5 of 156 comments (clear)

  1. Considering? by slaxative · · Score: 4, Insightful

    Consideration of performing an action is news now?

    --
    This is not the penguin you're looking for.
  2. Forget advocates how about consumers in general by RichMan · · Score: 4, Insightful

    Perhaps people would like to know tha the 10Mb/sec speed advertised by their provider is only available from 4am to 6:30am on weekdays.
    These actual usable bandwidth numbers should be general public knowledge. It would enable consumers to make valid choices and perhaps make providers do some real provisioning to support their advertised bandwidths.

  3. Dumb comment by GooberToo · · Score: 3, Insightful

    Suffice to say that such information could prove to be very useful for consumers and advocates of Net Neutrality.

    What a stupid thing to say. It doesn't offer any insight as to why bandwidth may have gone off a cliff. Net Neutrality is not the same thing as responsible QoS! Get that through you heads!

    After 6pm, Internet traffic for most ISPs goes through the roof. With it, latency and available bandwidth are typically negatively affected. With a responsible QoS, which is still fully Net Neutral, its easily possible to explain services such at BT "falling off a cliff." After all, if you give it a low priority, which reasonably it should, other users may simply be driving it "off the cliff."

    Me, like most every reasonable person in the world, certainly does not want to have You Tube, general web browsing, email, IRC, streaming music, game playing, or any of a number of other services negatively affected because Joe down the street is downloading his fifth illegal movie for the day, especially when he's likely to watch it later, or getting his next WoW update. Some things require an interactive level of performance - some others do not. BT, by definition, is a service which should receive a low priority in any QoS infrastructure.

    Net Neutrality is about ensuring company X doesn't get premier service at the expense of its competition. Its not about ensuring reasonable QoS to ISP customers. Please stop conflating the two.

    Now having said all that, there may be other things are work here, but there is nothing in the article which suggests there is anything controversial going on. As is, things are reasonably explainable with traditional usage trends and a reasonable desire to maintain a reasonable QoS to customers.

    1. Re:Dumb comment by shuz · · Score: 4, Informative

      After 6pm, Internet traffic for most ISPs goes through the roof. With it, latency and available bandwidth are typically negatively affected.

      Internet traffic tends to look like a perfect curve that starts an upward trend around 700-800 for a given timezone and increases in a consistent patterned manor until 12 noon. There is a slight dip between noon and 1300 a second peak from 1300 till 1400 and a steady decline until 2300 to midnight. The decline from midday until midnight is slower but from all my experience in web traffic I don't see an increase in traffic after 1800 compared to the rest of the day.

      --
      There is or can be built a machine that can simulate any physical object. -Church-Turing principle
  4. Re:why? by commodore6502 · · Score: 3, Informative

    I don't understand why everyone always says "the US sucks" and "other countries are better" (or words to that effect). Is this a case of thinking the Grass is Greener on the other side of the fence?

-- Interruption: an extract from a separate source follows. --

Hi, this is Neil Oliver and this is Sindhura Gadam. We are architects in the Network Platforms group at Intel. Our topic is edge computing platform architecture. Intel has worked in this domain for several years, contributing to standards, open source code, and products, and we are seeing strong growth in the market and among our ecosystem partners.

    Because it isn't true. Here is how the US compares to other continent-spanning nations/federations. Maybe I'm biased but I don't think second place is a bad place to be:
    Mbit/s
    12.3 Russian Federation
    10.3 US
    10.0 EU
    9.3 Canada
    8.0 Australia
    5.7 Saudi Arabia
    4.8 Brazil
    3.8 China
    3.4 Mexico

    Mbit/s (EU versus US member states):
    29 Lithuania
    26 Latvia
    24 Romania
    23 Netherlands, Sweden
    18 Portugal
    17 Germany
    16 Bulgaria, Denmark
    15 DE, Belgium
    14 Luxembourg, MA, RI, VA, WA, Hungary, MD, France
    13 NY, Finland, NJ
    12 NH, MN, Estonia
    11 Austria
    10 Slovakia, Czech, UK, Spain
    8 Slovenia, Malta
    7 Poland
    6 Ireland, Georgia, Greece, Turkey
    5 Cyprus
    4 Italy
    3 Greenland

    --
    Information wants to be expensive AND wants to be free. So you have Value vs. Cheap distribution fighting each other.